道芽(ドウゲ)増長すること春苗(シュンビョウ)の如く、菩提の妙果は秋の実(コノミ)に類す。

そして仏道の芽は春の苗のように成長し、悟りの果実は秋の実りのように実を結ぶ。

堅固金剛(ケンゴ コンゴウ)の真甲冑(シン カッチュウ)なり、煩悩(ボンノウ)の毒箭(ドクセン)も害すること能(アタ)はず。

袈裟はまことに堅固な金剛の甲冑であり、煩悩の毒矢も害することは出来ない。

我れ今 略して十勝利を讃(サン)ず、歴劫(リャッコウ)に広説すとも辺(ホトリ)有ること無けん。
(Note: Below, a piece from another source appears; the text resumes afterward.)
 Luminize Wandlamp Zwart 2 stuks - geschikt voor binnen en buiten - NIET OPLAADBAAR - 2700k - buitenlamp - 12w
私は今、略して袈裟の十の優れた利益をたたえたが、これは永劫に説いてもなお説き尽くせないであろう。

若し龍 有りて身に一縷(イチル)を披(ヒ)せば、金翅鳥王(コンジチョウオウ)の食(ジキ)を脱(マヌガ)るることを得ん。

もし龍が、袈裟の一筋の糸を身に着ければ、金翅鳥王に食べられることも無いであろう。

若し人 海を渡らんに此の衣を持せば、龍魚諸鬼の難を怖れじ。

もし人が、海を渡る時にこの袈裟を持てば、龍魚や様々な悪鬼の難も怖くはないであろう。

雷電霹靂(ライデン ヘキレキ)して天の怒(イカ)らんにも、袈裟を披(キ)たらん者は恐畏(オソレ)無けん。

雷や稲妻が激しく鳴り響いて天が怒ろうとも、袈裟を着た者は怖れることが無いであろう。

白衣(ビャクエ)若し能く親しく捧持(ホウジ)せば、一切の悪鬼 能く近づくこと無けん。

在家の者が、もし親しく敬って袈裟を持てば、すべての悪鬼は近づくことが出来ないであろう。

若し能く発心(ホッシン)して出家を求め、世間を厭離(エンリ)して仏道を修せば、十方の魔宮(マグウ)皆振動し、是の人速やかに法王の身を証せん。」

そして、もし発心して出家を求め、世間を厭い嫌って仏道を修行したならば、すべての悪鬼の住み家は皆振動し、この人は速やかに仏身を悟ることであろう。」